* _Source records_:

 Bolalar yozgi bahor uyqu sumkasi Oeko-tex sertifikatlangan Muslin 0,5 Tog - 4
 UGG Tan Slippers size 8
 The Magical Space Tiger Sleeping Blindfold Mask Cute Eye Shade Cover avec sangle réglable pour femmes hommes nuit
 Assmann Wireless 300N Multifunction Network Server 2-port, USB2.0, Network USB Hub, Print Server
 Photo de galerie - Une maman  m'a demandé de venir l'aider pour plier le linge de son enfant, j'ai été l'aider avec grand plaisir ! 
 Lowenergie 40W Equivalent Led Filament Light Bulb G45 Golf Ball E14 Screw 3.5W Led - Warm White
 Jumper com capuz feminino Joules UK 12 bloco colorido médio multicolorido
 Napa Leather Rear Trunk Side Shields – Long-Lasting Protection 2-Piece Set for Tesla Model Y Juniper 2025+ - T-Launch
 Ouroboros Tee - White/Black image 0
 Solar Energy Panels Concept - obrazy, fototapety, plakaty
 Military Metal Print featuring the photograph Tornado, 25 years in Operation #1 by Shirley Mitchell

* _Problem description_:
Having read the material, set all of it down again without a single difference.

* _Exercise output_:
 Bolalar yozgi bahor uyqu sumkasi Oeko-tex sertifikatlangan Muslin 0,5 Tog - 4
 UGG Tan Slippers size 8
 The Magical Space Tiger Sleeping Blindfold Mask Cute Eye Shade Cover avec sangle réglable pour femmes hommes nuit
 Assmann Wireless 300N Multifunction Network Server 2-port, USB2.0, Network USB Hub, Print Server
 Photo de galerie - Une maman  m'a demandé de venir l'aider pour plier le linge de son enfant, j'ai été l'aider avec grand plaisir ! 
 Lowenergie 40W Equivalent Led Filament Light Bulb G45 Golf Ball E14 Screw 3.5W Led - Warm White
 Jumper com capuz feminino Joules UK 12 bloco colorido médio multicolorido
 Napa Leather Rear Trunk Side Shields – Long-Lasting Protection 2-Piece Set for Tesla Model Y Juniper 2025+ - T-Launch
 Ouroboros Tee - White/Black image 0
 Solar Energy Panels Concept - obrazy, fototapety, plakaty
 Military Metal Print featuring the photograph Tornado, 25 years in Operation #1 by Shirley Mitchell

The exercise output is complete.